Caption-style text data
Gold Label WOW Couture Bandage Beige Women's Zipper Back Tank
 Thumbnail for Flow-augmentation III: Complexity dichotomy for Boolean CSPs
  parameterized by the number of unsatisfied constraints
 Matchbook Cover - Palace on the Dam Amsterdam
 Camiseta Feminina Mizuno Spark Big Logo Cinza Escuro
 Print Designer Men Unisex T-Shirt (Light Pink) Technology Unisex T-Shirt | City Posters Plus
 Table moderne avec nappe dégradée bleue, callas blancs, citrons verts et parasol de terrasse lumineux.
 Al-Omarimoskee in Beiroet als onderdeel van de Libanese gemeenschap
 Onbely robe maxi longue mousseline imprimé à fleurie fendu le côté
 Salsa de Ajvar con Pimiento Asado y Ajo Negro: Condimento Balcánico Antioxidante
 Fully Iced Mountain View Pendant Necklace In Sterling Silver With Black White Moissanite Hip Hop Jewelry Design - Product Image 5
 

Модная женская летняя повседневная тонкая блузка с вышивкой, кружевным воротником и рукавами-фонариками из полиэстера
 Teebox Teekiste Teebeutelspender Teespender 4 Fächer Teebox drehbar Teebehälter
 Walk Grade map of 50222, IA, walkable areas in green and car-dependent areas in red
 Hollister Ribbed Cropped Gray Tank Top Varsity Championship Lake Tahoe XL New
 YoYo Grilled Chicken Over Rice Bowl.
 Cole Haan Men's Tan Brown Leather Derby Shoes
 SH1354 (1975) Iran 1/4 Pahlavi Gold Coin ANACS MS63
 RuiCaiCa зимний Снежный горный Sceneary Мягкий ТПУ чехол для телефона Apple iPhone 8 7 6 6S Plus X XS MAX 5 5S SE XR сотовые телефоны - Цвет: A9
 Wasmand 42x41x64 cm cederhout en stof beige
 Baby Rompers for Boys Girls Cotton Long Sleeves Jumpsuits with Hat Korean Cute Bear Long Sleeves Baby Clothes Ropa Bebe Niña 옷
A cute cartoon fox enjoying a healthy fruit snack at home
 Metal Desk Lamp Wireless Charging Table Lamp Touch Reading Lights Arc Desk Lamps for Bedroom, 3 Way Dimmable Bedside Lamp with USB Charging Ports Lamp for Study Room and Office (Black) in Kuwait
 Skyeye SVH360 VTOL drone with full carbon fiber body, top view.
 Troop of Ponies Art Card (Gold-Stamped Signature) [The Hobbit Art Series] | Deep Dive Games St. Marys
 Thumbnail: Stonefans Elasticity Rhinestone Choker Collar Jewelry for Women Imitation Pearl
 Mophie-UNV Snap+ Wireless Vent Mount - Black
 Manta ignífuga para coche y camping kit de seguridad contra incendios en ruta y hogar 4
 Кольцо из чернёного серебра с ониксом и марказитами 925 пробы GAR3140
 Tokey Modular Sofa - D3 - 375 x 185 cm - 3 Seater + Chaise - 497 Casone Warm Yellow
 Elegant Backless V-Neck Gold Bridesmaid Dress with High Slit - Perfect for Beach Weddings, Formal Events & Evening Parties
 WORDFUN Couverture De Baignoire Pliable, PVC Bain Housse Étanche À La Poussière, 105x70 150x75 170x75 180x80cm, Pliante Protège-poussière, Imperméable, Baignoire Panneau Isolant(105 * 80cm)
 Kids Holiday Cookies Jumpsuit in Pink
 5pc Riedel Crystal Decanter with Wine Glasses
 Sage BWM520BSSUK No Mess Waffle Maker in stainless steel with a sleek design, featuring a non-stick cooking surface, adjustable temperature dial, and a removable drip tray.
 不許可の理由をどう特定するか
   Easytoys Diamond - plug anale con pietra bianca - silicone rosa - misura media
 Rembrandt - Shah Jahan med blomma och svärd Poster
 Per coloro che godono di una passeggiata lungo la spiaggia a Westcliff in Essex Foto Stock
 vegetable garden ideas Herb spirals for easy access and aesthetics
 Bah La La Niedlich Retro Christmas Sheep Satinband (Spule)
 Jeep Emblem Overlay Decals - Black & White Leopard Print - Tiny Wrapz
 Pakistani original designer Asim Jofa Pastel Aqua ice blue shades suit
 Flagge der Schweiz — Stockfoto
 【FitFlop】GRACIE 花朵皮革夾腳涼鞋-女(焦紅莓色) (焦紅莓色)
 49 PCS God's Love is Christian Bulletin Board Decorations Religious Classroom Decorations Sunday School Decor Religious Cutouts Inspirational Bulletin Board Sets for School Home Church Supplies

YOUR OBJECTIVE
Could you retype exactly the lines above, starting at the line that contains "Onbely robe maxi" and ending at the line that contains "5pc Riedel Crystal", and nothing more?

SOLUTION
 Onbely robe maxi longue mousseline imprimé à fleurie fendu le côté
 Salsa de Ajvar con Pimiento Asado y Ajo Negro: Condimento Balcánico Antioxidante
 Fully Iced Mountain View Pendant Necklace In Sterling Silver With Black White Moissanite Hip Hop Jewelry Design - Product Image 5
 

Модная женская летняя повседневная тонкая блузка с вышивкой, кружевным воротником и рукавами-фонариками из полиэстера
 Teebox Teekiste Teebeutelspender Teespender 4 Fächer Teebox drehbar Teebehälter
 Walk Grade map of 50222, IA, walkable areas in green and car-dependent areas in red
 Hollister Ribbed Cropped Gray Tank Top Varsity Championship Lake Tahoe XL New
 YoYo Grilled Chicken Over Rice Bowl.
 Cole Haan Men's Tan Brown Leather Derby Shoes
 SH1354 (1975) Iran 1/4 Pahlavi Gold Coin ANACS MS63
 RuiCaiCa зимний Снежный горный Sceneary Мягкий ТПУ чехол для телефона Apple iPhone 8 7 6 6S Plus X XS MAX 5 5S SE XR сотовые телефоны - Цвет: A9
 Wasmand 42x41x64 cm cederhout en stof beige
 Baby Rompers for Boys Girls Cotton Long Sleeves Jumpsuits with Hat Korean Cute Bear Long Sleeves Baby Clothes Ropa Bebe Niña 옷
A cute cartoon fox enjoying a healthy fruit snack at home
 Metal Desk Lamp Wireless Charging Table Lamp Touch Reading Lights Arc Desk Lamps for Bedroom, 3 Way Dimmable Bedside Lamp with USB Charging Ports Lamp for Study Room and Office (Black) in Kuwait
 Skyeye SVH360 VTOL drone with full carbon fiber body, top view.
 Troop of Ponies Art Card (Gold-Stamped Signature) [The Hobbit Art Series] | Deep Dive Games St. Marys
 Thumbnail: Stonefans Elasticity Rhinestone Choker Collar Jewelry for Women Imitation Pearl
 Mophie-UNV Snap+ Wireless Vent Mount - Black
 Manta ignífuga para coche y camping kit de seguridad contra incendios en ruta y hogar 4
 Кольцо из чернёного серебра с ониксом и марказитами 925 пробы GAR3140
 Tokey Modular Sofa - D3 - 375 x 185 cm - 3 Seater + Chaise - 497 Casone Warm Yellow
 Elegant Backless V-Neck Gold Bridesmaid Dress with High Slit - Perfect for Beach Weddings, Formal Events & Evening Parties
 WORDFUN Couverture De Baignoire Pliable, PVC Bain Housse Étanche À La Poussière, 105x70 150x75 170x75 180x80cm, Pliante Protège-poussière, Imperméable, Baignoire Panneau Isolant(105 * 80cm)
 Kids Holiday Cookies Jumpsuit in Pink
 5pc Riedel Crystal Decanter with Wine Glasses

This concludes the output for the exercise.